Pro-Hollywood bill aims to end fair use in digital television
December 24, 2005 at 1:36 am | In Movies, Music, TV |Saw this on J.D Lasica’s Darknet blog. This is totally bogus and taking away rights from the consumers. This will likely get passed by the US Congress as Hollywood will just keep throwing money at the politicians until it passes. people need to stand up and let their representatives know that rights are more important than money.
Pro-Hollywood bill aims to end fair use in digital television:
Missed this the other day by Declan McCullagh in CNET’s News.com: Pro-Hollywood bill aims to restrict digital tuners.

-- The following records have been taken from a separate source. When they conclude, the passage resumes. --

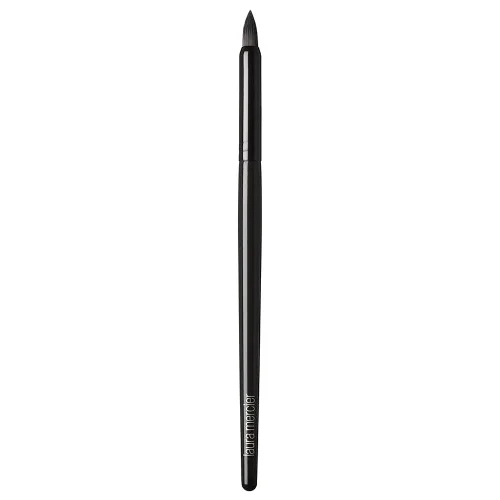 Laura Mercier Smoky Eye Liner Brush Pędzle do kresek 1 ct 1 szt.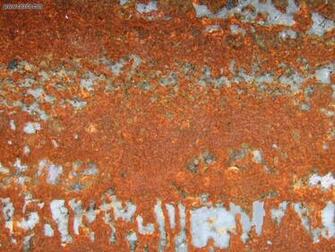 Rusty Metal Development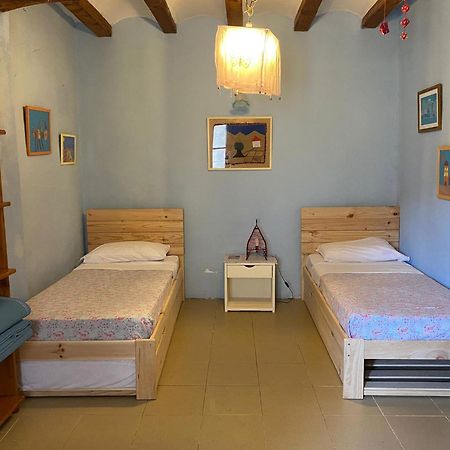 Villa Cal Millo Vilella Alta Exterior foto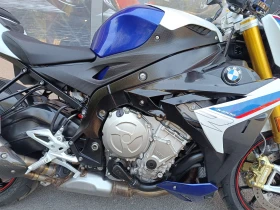 BMW S 1000R ABS TC, снимка 7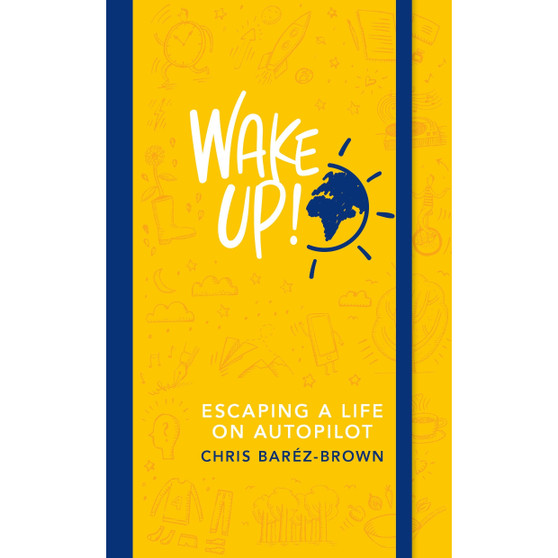Wake Up! - ISBN 9780241977422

A new proposal in Congress could please Hollywood studios, which are increasingly worried about Internet piracy, by embedding anticopying technology into the next generation of digital video products.
If the legislation were enacted, one year later it would outlaw the manufacture or sale of electronic devices that convert analog video signals into digital ones–unless those encoders honor an anticopying plan designed to curb redistribution. Affected devices would include PC-based tuners and digital video recorders.
“This legislation is designed to secure analog content from theft that has been made easier as a result of the transition to digital technologies,” House Judiciary Committee Chairman James Sensenbrenner Jr., a Wisconsin Republican, said late Friday. Criminals “obtain copyrighted content and then redistribute for profit at the copyright owner’s expense,” he added.
Bullshit. This will outlaw fair use in the video/television realm.
Digital video recorders with analog tuners or inputs would only be allowed to record “copy-prohibited” shows for 90 minutes. After that, the digital recording must be “destroyed or otherwise rendered unusable.”
Analog video output of “copy-prohibited” recordings would be permitted as long as it was to a VGA output with a resolution of no more than 720 pixels by 480 pixels.
Violations would be punished by civil penalties between $200 and $2,500 per product. Commercial offenders would be imprisoned for up to five years and fined not more than $500,000.
The two copy-protection systems that must be supported are Video Encoded Invisible Light–used in a Batmobile toy–and Content Generation Management System-Analog.